Segment Start: RECORD SET

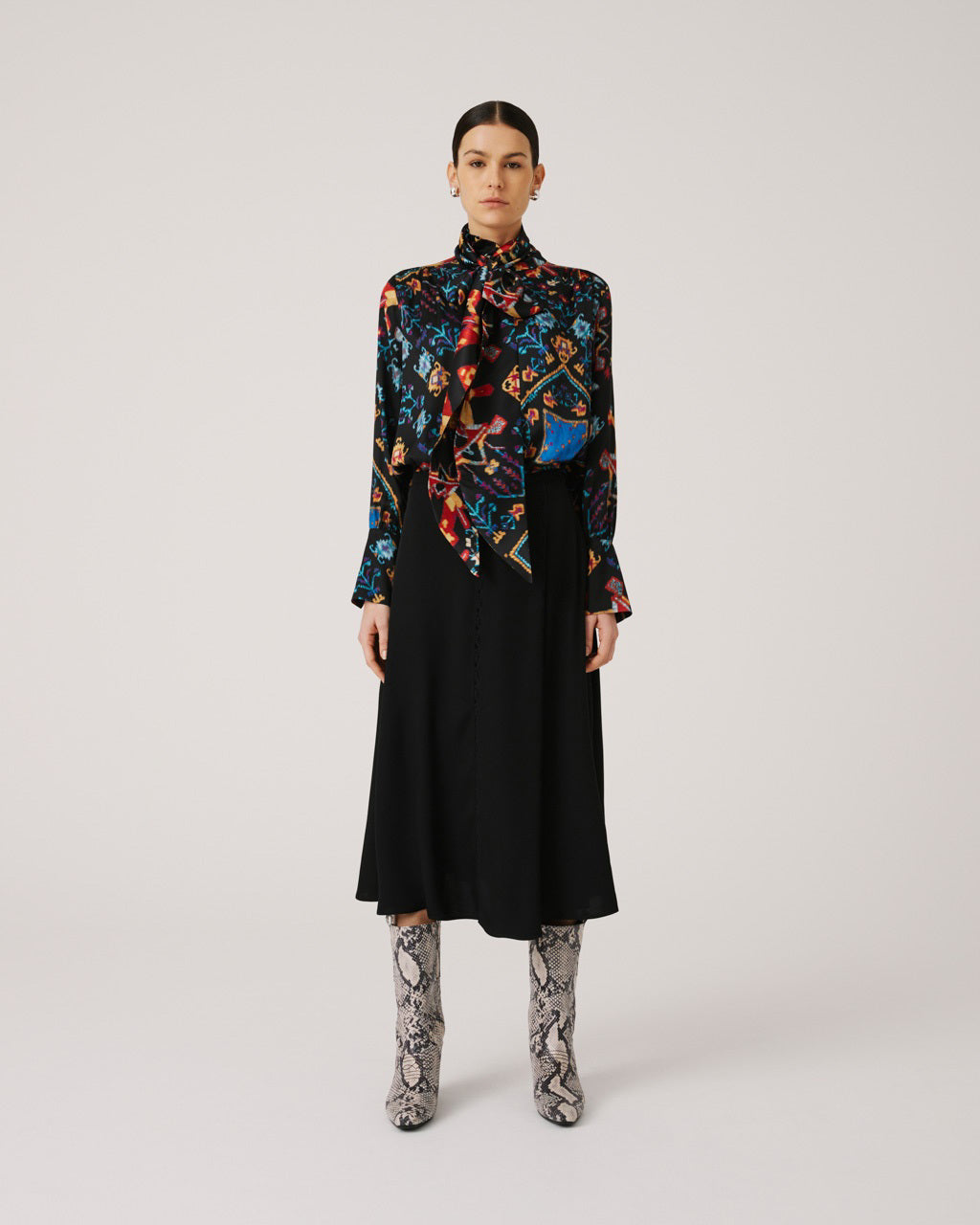 A person with dark hair is standing against a plain background. They are wearing a long-sleeve blouse with a colorful, intricate pattern paired with an elegant SFIZIO - BLACK SKIRT WITH LACE INLAY by SFIZIO. Their outfit, finished with knee-high snakeskin boots made in Italy, looks chic as they look directly at the camera.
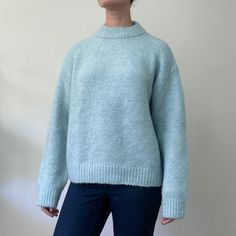 New With Tags, H&M Cozy And Warm Light Blue Mock Turtleneck Oversized Sweater. 90% Recycled Polyester, 5% Wool, 3% Alpaca, 2% Elastane Tag Reads Small, But Could Easily Fit A Medium. Machine Wash Cold, Gentle Cycle Bust: 47" Waist: 45" Length: 23" Sleeve (Pit To Wrist): 18" Oversized Blue Turtleneck Sweater, Blue Oversized Turtleneck Sweater, Blue Funnel Neck Sweater With Ribbed Cuffs, Cozy Blue High Neck Sweater, Casual Oversized Sweater By H&m, H&m Casual Oversized Sweater, Blue Sweater With Ribbed Collar For Layering, Oversized H&m Winter Tops, Blue Funnel Neck Sweater For Layering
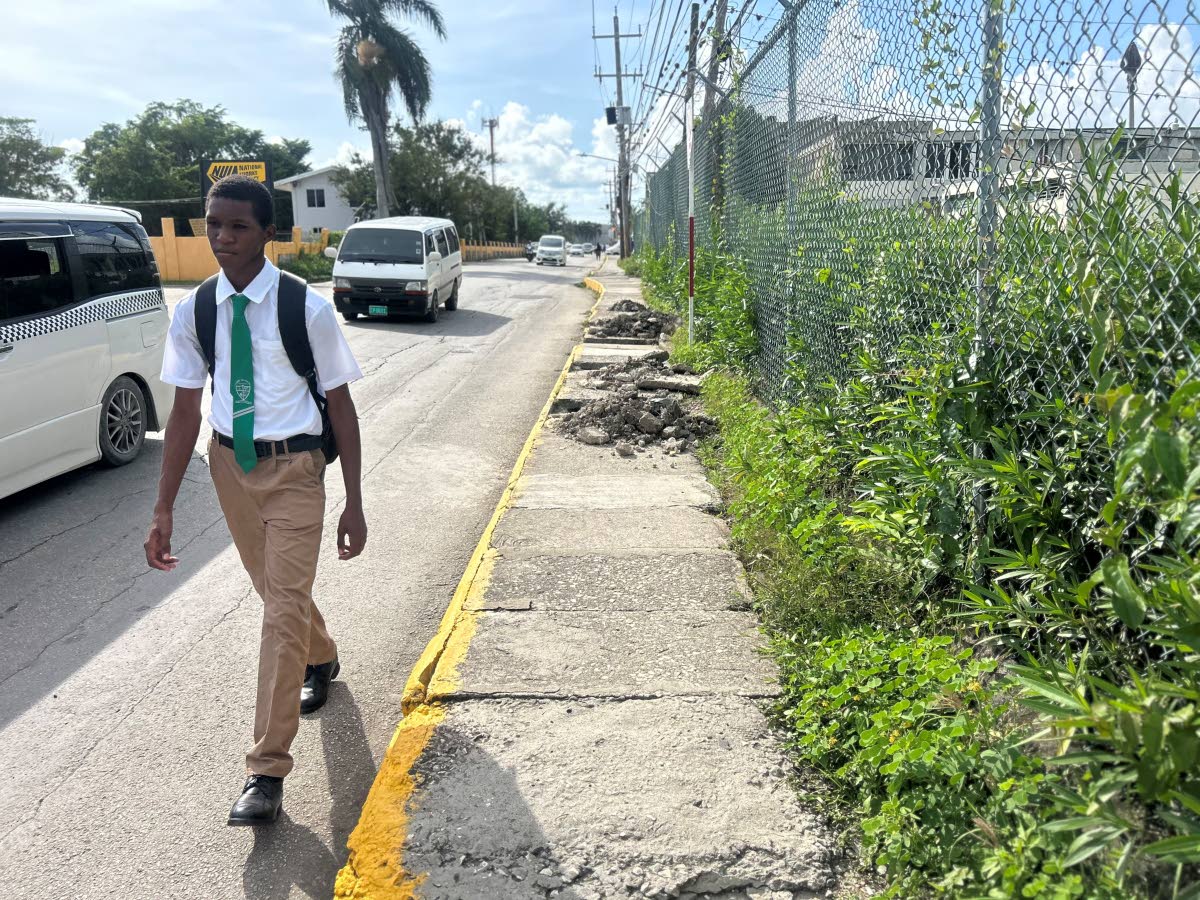 
Students and other pedestrians are forced to walk along the roadway in Savanna-la-Mar as the sidewalk along Barracks Road collapses into the drainage system.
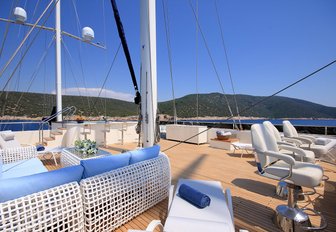 seating areas, bar and sun loungers on the sundeck of charter yacht MEIRA 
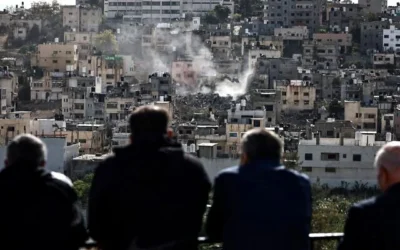 يشاهد سكان مخيم نور شمس للاجئين الفلسطينيين منازلهم وهي تُهدم عشية رأس السنة الميلادية بواسطة حفارة عسكرية إسرائيلية في مخيم نور شمس، شرق مدينة طولكرم شمال الضفة الغربية، وسط هجمات مستمرة في الضفة الغربية في 31 ديسمبر/كانون الأول 2025. (Zain JAAFAR / AFP)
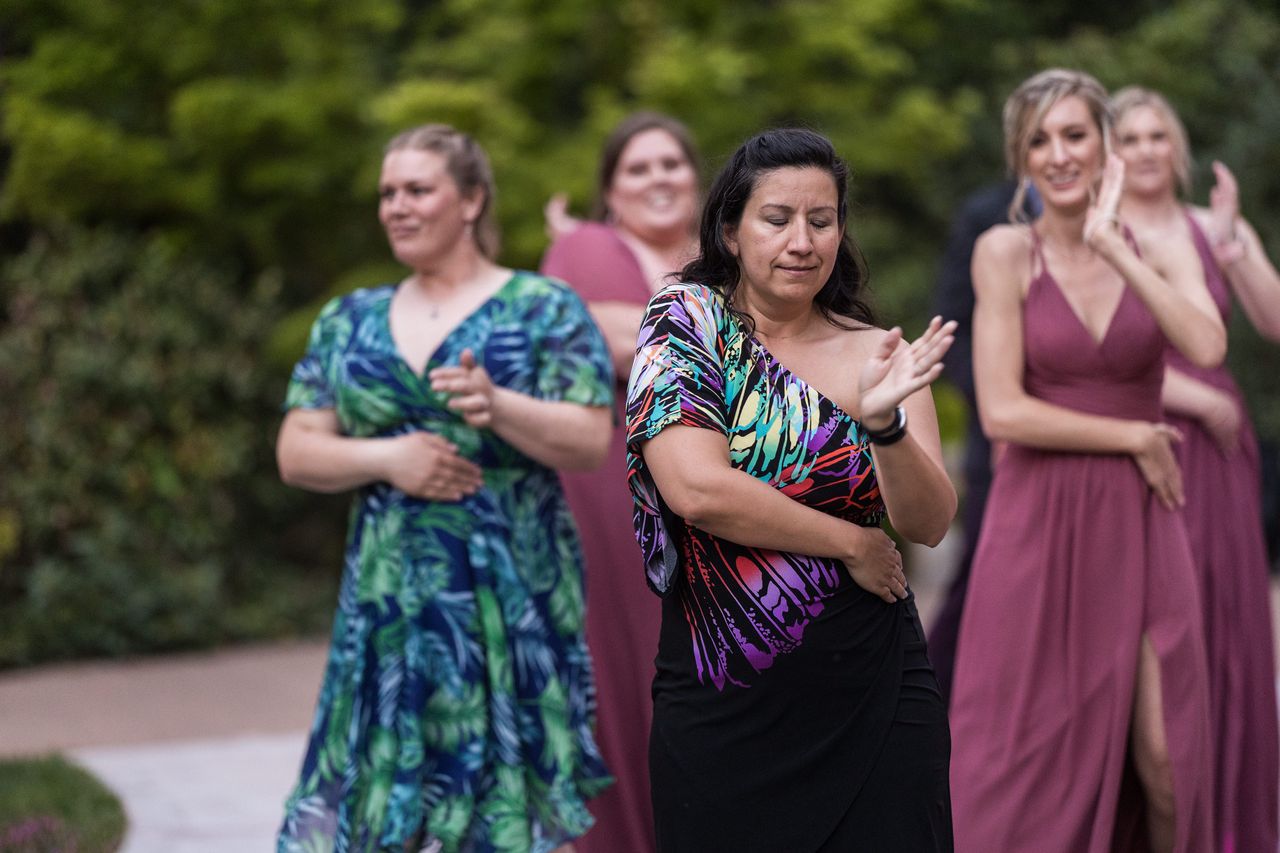 Guests follow the steps of a group dance on the patio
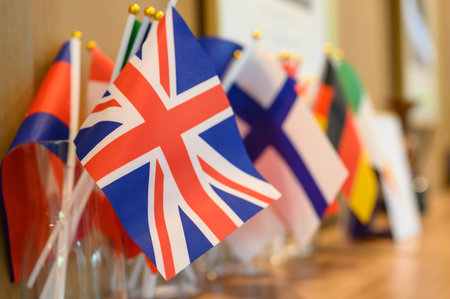 A small British or UNITED KINGDOM National Flag stands among various flags with copy spaceの写真素材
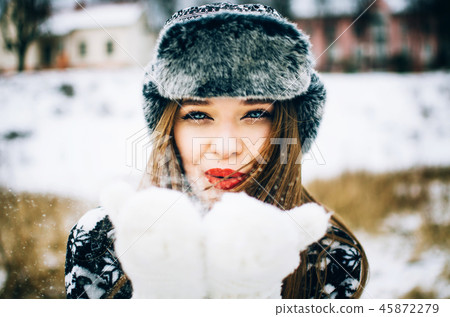 Young woman blowing snow Young woman blowing snow 45872279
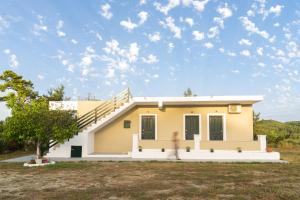 a woman walks in front of a house at ELPIS appartment in Vitalades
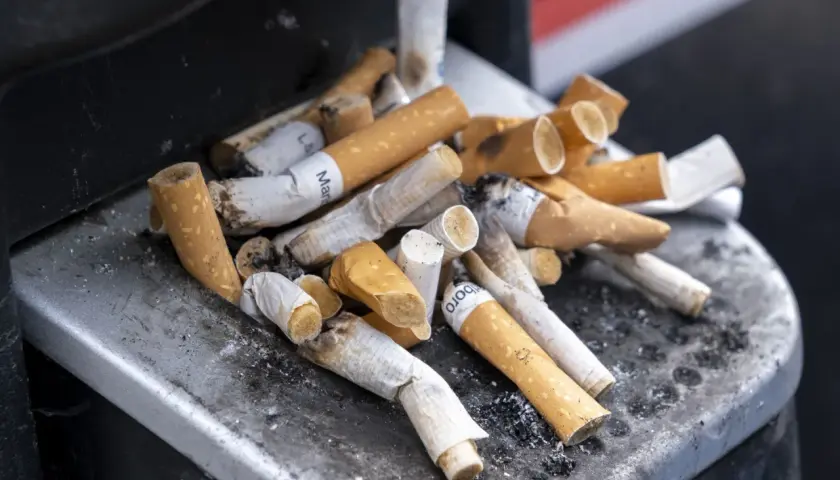 Kupa niedopałków papierosów w popielniczce. Zastanawiasz się, ile kosztują papierosy we Francji?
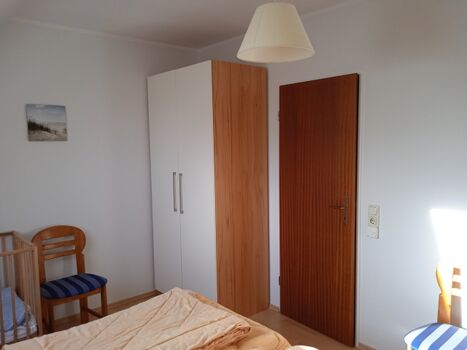 Schlafzimmer 1 im 1.OG mit Doppelbett Foto II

Segment End: RECORD SET

DIRECTIONS: Retype the lines starting with the one that holds "Young woman blowing snow Young" and ending with the last line of the data above, both included; skip the pictures.

ANSWER FOR THE TASK:
 Young woman blowing snow Young woman blowing snow 45872279
 a woman walks in front of a house at ELPIS appartment in Vitalades
 Kupa niedopałków papierosów w popielniczce. Zastanawiasz się, ile kosztują papierosy we Francji?
 Schlafzimmer 1 im 1.OG mit Doppelbett Foto II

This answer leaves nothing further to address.